Write out the listing below exactly, and omit any images you find in it.

*** Recorded data ***

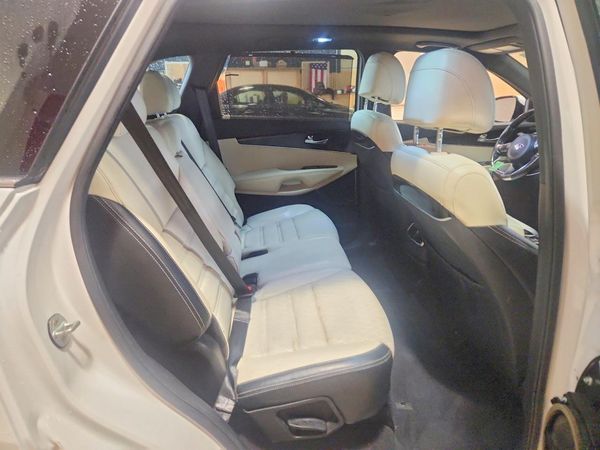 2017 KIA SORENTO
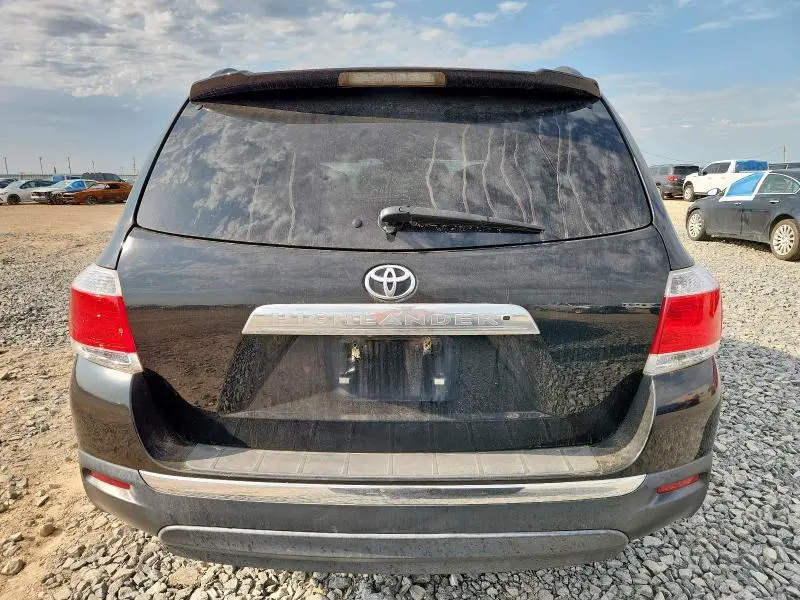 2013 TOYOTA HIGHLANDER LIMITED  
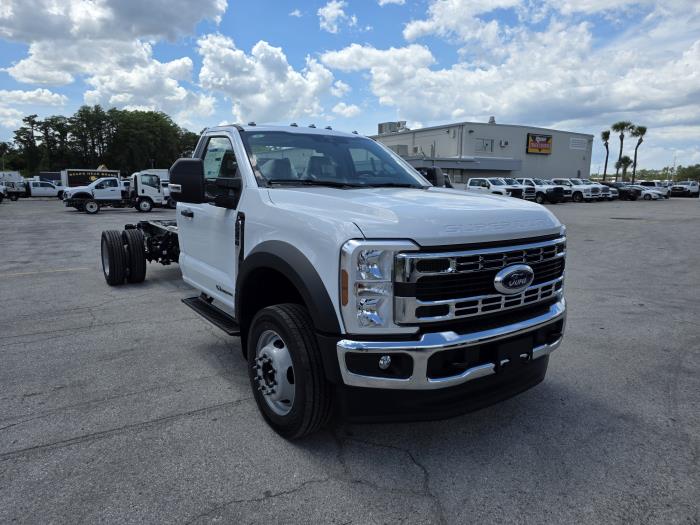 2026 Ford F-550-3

***

• _Written solution_:
 2017 KIA SORENTO
 2013 TOYOTA HIGHLANDER LIMITED  
 2026 Ford F-550-3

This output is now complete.